TSO — Security dispatch¶

The TSO suite covers transmission-system-operator tasks: economic dispatch (ED) and unit commitment (UC) on the IEEE Case5 and Case118 networks. The unifying RL question is safe RL with mixed discrete-continuous actions — the agent must minimise generation cost subject to thermal limits and (in UC) min-up / min-down / ramp constraints.

Vocabulary check. TSO (Transmission System Operator) — runs the bulk power network. ED / OPF (Economic Dispatch / Optimal Power Flow) — pick generator outputs to minimise cost subject to limits. UC / SCUC (Unit Commitment / Security-Constrained UC) — same plus on / off decisions, startup costs, ramp limits, min up / down time.

Tasks in this suite¶

Task name	Underlying env	Agents	Steps	Action	Notes
`marl_uc`	`Case5`	5 generators	48 × 30 min	`[score, on_off]` per agent	Smallest UC benchmark.
`opf_118`	`Case118`	54 generators	48 × 30 min	`[score]` per agent	Large-scale ED.
`opf_118_7d`	`Case118`	54 generators	336 × 30 min	`[score]` per agent	7-day variant of `opf_118`.

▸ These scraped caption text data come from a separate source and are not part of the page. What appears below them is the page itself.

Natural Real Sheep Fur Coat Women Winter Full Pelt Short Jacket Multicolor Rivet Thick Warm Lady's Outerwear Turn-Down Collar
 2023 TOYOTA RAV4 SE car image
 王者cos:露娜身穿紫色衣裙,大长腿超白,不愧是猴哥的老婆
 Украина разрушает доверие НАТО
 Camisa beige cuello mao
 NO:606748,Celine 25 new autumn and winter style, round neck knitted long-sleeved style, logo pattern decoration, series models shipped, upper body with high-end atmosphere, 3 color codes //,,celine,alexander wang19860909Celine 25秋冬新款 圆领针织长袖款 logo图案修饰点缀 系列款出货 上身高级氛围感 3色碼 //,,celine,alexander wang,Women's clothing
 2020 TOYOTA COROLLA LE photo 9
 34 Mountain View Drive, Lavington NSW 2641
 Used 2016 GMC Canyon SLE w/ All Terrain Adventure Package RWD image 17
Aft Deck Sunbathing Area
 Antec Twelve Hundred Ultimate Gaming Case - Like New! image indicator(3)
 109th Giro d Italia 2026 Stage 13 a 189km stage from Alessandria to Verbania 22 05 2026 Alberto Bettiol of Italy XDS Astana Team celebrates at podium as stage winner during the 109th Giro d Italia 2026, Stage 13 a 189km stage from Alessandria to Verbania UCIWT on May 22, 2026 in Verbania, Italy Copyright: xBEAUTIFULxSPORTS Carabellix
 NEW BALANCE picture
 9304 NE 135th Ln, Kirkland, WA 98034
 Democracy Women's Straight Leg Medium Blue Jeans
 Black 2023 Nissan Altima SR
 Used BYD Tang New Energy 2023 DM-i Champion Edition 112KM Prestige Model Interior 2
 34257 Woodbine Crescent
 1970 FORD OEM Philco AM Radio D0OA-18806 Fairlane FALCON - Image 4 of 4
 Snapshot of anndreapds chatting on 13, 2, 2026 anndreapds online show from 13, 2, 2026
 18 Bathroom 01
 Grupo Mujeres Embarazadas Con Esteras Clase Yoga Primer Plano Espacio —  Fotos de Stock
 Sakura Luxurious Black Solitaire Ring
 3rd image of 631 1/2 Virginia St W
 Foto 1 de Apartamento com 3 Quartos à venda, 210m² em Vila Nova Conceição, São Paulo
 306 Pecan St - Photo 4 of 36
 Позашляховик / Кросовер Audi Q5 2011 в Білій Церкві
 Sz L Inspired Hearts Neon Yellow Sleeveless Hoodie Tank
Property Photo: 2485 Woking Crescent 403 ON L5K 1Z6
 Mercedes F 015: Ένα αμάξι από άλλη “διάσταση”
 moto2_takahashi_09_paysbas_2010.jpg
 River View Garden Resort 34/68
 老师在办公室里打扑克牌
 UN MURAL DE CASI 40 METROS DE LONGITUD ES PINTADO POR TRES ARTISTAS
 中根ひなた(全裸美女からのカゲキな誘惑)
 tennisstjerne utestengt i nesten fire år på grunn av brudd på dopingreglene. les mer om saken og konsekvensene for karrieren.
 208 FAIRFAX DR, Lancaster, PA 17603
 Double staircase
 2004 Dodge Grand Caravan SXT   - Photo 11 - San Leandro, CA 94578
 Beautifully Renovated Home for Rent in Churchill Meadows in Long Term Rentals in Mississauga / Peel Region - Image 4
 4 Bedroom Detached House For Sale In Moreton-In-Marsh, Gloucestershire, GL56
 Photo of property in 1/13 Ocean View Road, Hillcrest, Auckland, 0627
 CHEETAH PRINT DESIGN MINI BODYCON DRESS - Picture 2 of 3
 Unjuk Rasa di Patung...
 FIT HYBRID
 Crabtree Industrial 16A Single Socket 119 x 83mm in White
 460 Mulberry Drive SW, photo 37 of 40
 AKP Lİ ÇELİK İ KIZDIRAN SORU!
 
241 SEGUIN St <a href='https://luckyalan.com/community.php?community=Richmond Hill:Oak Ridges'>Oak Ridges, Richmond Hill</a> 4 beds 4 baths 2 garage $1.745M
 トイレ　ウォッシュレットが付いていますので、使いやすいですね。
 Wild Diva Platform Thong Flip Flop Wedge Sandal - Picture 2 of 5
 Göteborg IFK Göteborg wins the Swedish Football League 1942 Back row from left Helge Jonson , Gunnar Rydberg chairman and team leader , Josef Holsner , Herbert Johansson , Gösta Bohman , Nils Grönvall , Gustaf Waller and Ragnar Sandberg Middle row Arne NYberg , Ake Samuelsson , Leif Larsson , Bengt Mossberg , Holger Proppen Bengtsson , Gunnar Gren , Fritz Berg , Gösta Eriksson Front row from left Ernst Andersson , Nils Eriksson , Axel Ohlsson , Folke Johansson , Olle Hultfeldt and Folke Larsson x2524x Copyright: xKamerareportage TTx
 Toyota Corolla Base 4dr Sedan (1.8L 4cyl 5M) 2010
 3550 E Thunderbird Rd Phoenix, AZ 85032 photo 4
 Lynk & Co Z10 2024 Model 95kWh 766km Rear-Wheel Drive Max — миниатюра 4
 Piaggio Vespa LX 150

marl_opf (5-agent ED on Case5) is the smaller starter variant; it sits outside the main benchmark set but uses the same adapter (TaskOPFMultiAgentEnv).

Why this suite¶

The only suite where a single agent (or small team) must satisfy a dense, simultaneous-binding constraint set (thermal + reserve + UC constraints).
The only suite with a clean mixed discrete-continuous action space in marl_uc (on_off ∈ {0, 1} × score ∈ [0, 1]).
A standard Safe-RL test case: the constraint set is tight enough that random policies are infeasible on most steps of opf_118.

Physical setup¶

Underlying env. Transmission grid (TransGridEnv), DC physics by default. Switch to AC by passing physics='ac'.
Resources. Pure generation; no batteries / EVs / DR by default. The agent's job is dispatch, not arbitrage.
Constraints. Line thermal limits (DC: linear; AC: nonlinear). For marl_uc, additionally min-up / min-down / ramp / startup-cost constraints from the units table.

Agent design¶

Task	Action per agent	Observation per agent
`marl_uc`	`Box(2)` `[score, on_off]` (`on_off ≥ 0.5` commits the unit)	global summary + local unit params + commitment vector + time
`opf_118` / `opf_118_7d`	`Box(1)` `[score]` (softmax-allocated share of net load)	global features (total load, line flows, time) + local generator params (`p_min`, `p_max`, cost coefficients)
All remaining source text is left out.